■ DIRECTIONS: After locating the line that contains "ערכת וטרינר אינרטאקטיבית עם כלב - Topbright" in the data below, set down exactly that line and each one after it through the line that contains "Elegant Montalembert Chandelier", and nothing more.

DATA FOR ANALYSIS section start

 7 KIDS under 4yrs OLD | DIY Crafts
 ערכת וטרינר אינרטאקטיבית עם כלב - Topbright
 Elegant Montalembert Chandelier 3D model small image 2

DATA FOR ANALYSIS section end
DATA FOR ANALYSIS section start

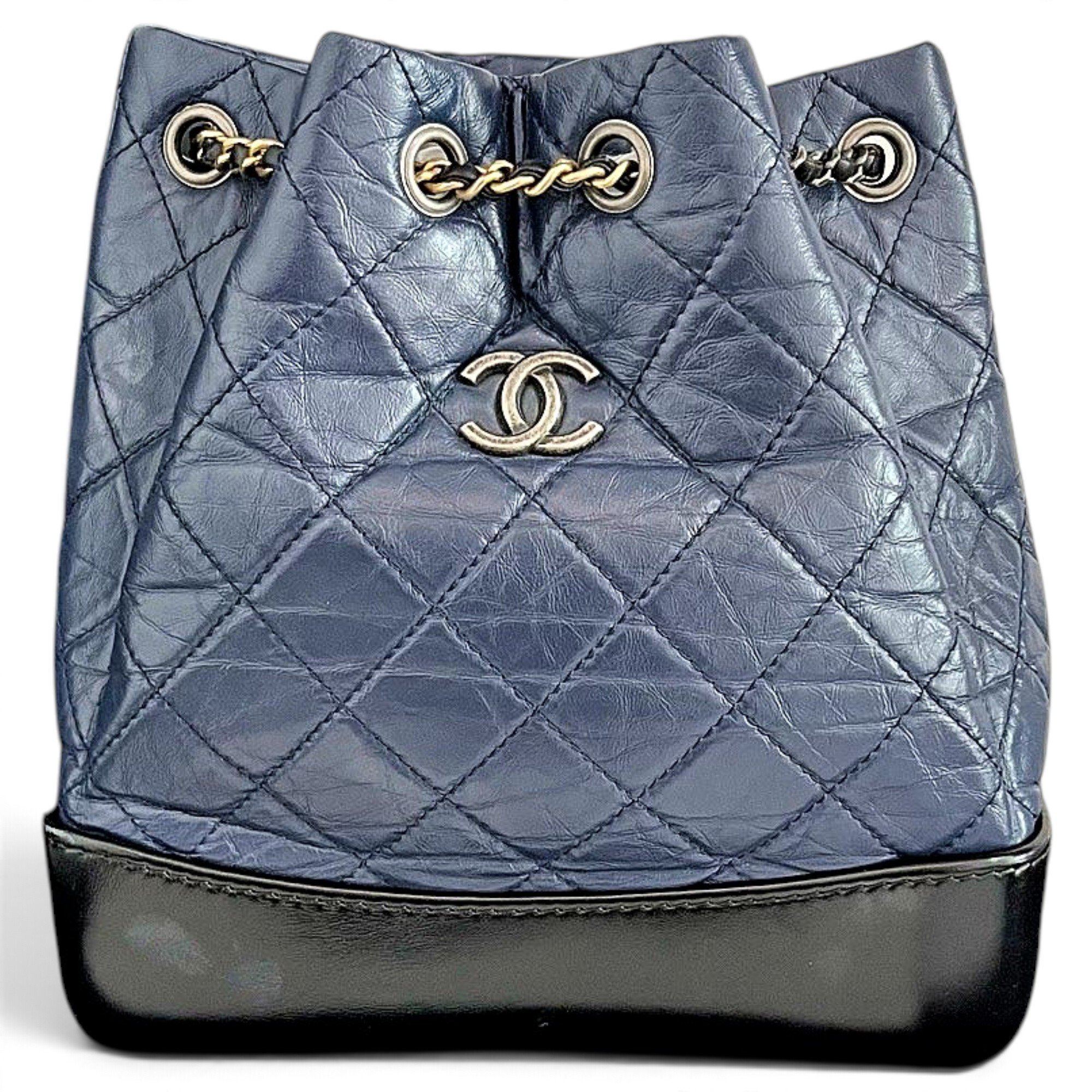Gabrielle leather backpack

DATA FOR ANALYSIS section end
DATA FOR ANALYSIS section start

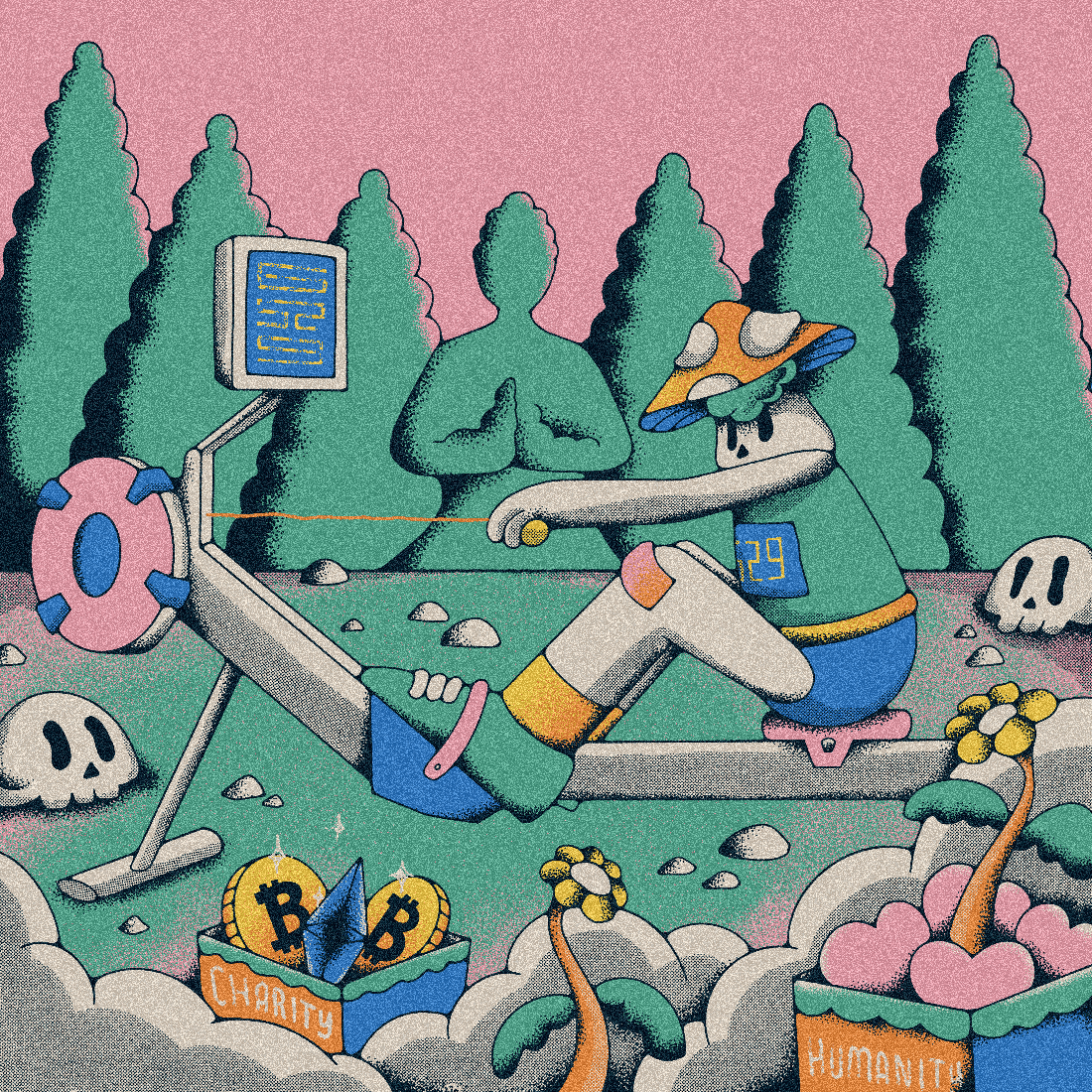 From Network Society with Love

DATA FOR ANALYSIS section end

■ YOUR SOLUTION:
 ערכת וטרינר אינרטאקטיבית עם כלב - Topbright
 Elegant Montalembert Chandelier 3D model small image 2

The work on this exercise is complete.